Assemble hybrid sugarcane by Hi-C#
Aneuploidy (2n=114), estimate genome size ~ 10 Gb
Hi-C data processing#
Due to the huge porec data, we mapped each cell to fasta by submitting this command to cluster, respectively. And merged them into one file by cphasing pairs-merge
.
Note
Please submit one first; wait until the index is successfully created and the remaining jobs are enabled to submit to the cluster.

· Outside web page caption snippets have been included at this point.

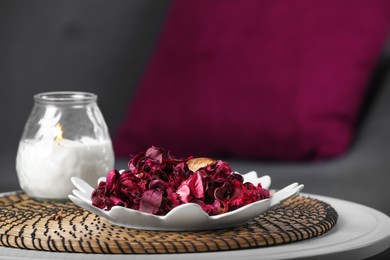 Aromatic potpourri of dried flowers and burning candle on table indoors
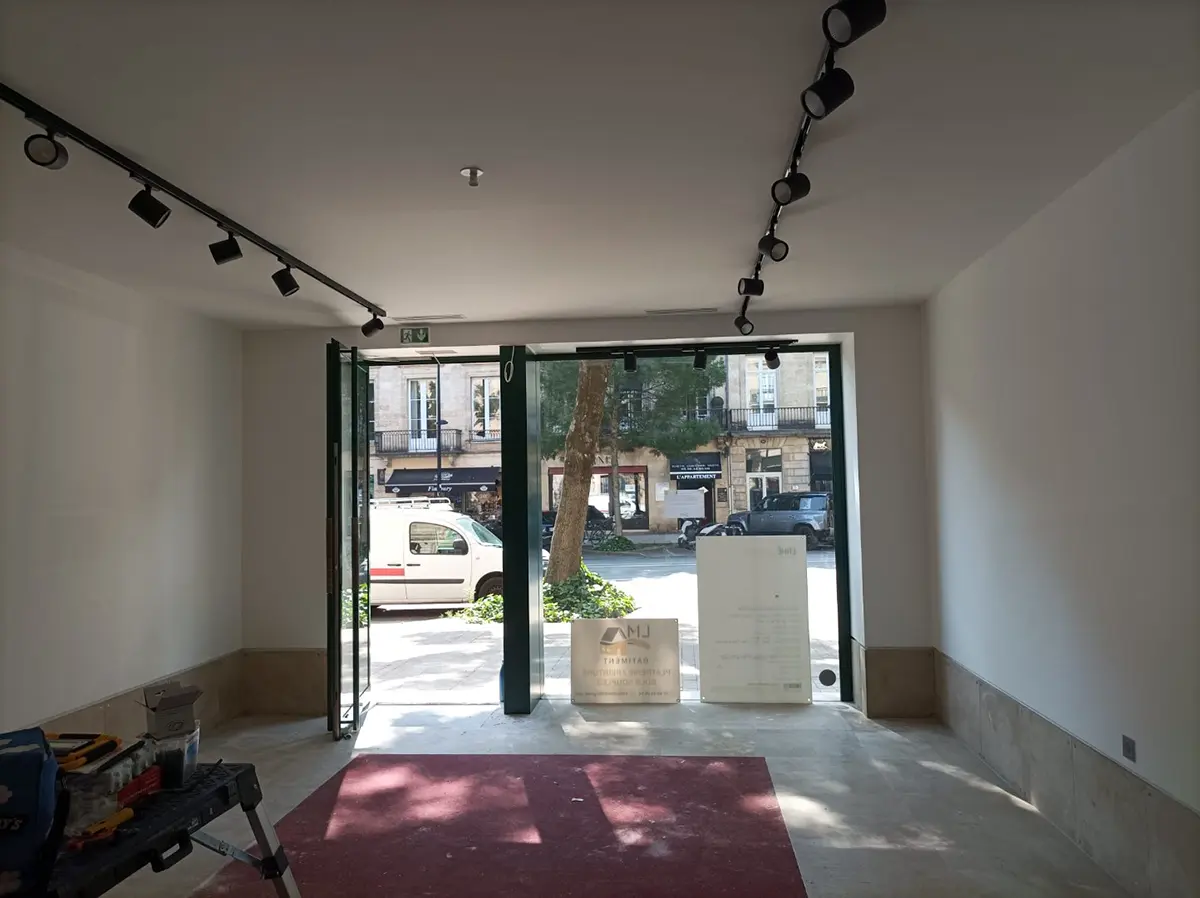 Vue intérieure d’un commerce vers la vitrine et l’entrée sur rue.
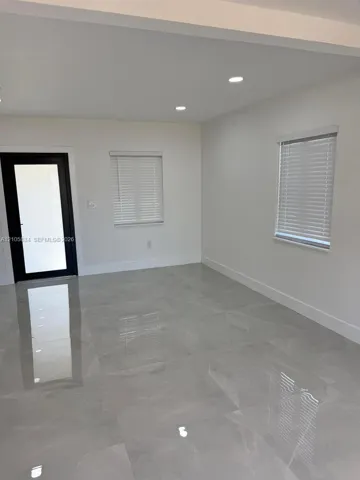Interior space featuring polished stone-finish flooring, recessed lighting, white walls, and a black-framed glass panel door
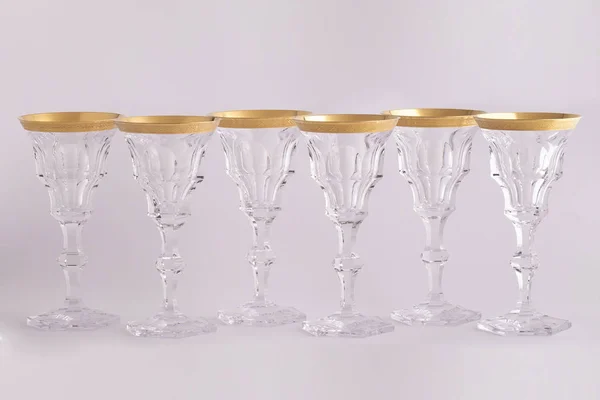 Stemware faceted glasses made of Czech glass with a Golden ornament isolated on a white background. — Stock Photo, Image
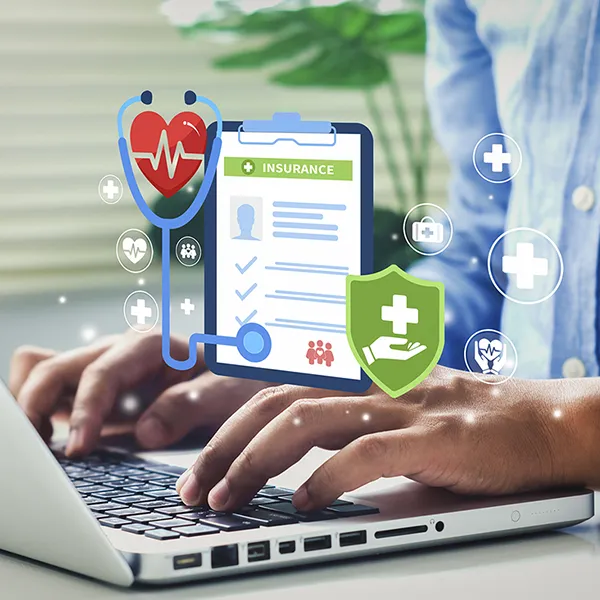 Someone typing on a laptop computer. An icon representing health insurance is in the foreground.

cphasing hic mapper -f sh_hifi.bp.p_utg.fasta -hic1 hic-1_R1.fastq.gz -hic1 hic-1_R1.fastq.gz -t 40 -k 27 -w 14
cphasing hic mapper -f sh_hifi.bp.p_utg.fasta -hic1 hic-2_R1.fastq.gz -hic1 hic-2_R1.fastq.gz -t 40 -k 27 -w 14
cphasing hic mapper -f sh_hifi.bp.p_utg.fasta -hic1 hic-3_R1.fastq.gz -hic1 hic-3_R1.fastq.gz -t 40 -k 27 -w 14
cphasing hic mapper -f sh_hifi.bp.p_utg.fasta -hic1 hic-4_R1.fastq.gz -hic1 hic-4_R1.fastq.gz -t 40 -k 27 -w 14
Assembling by cphasing pipeline
#
Modern hybrid sugarcane is an aneuploid, which contains an unequal number of chromosomes in each homologous group, so we set -n 0:0
to automatically output cluster numbers.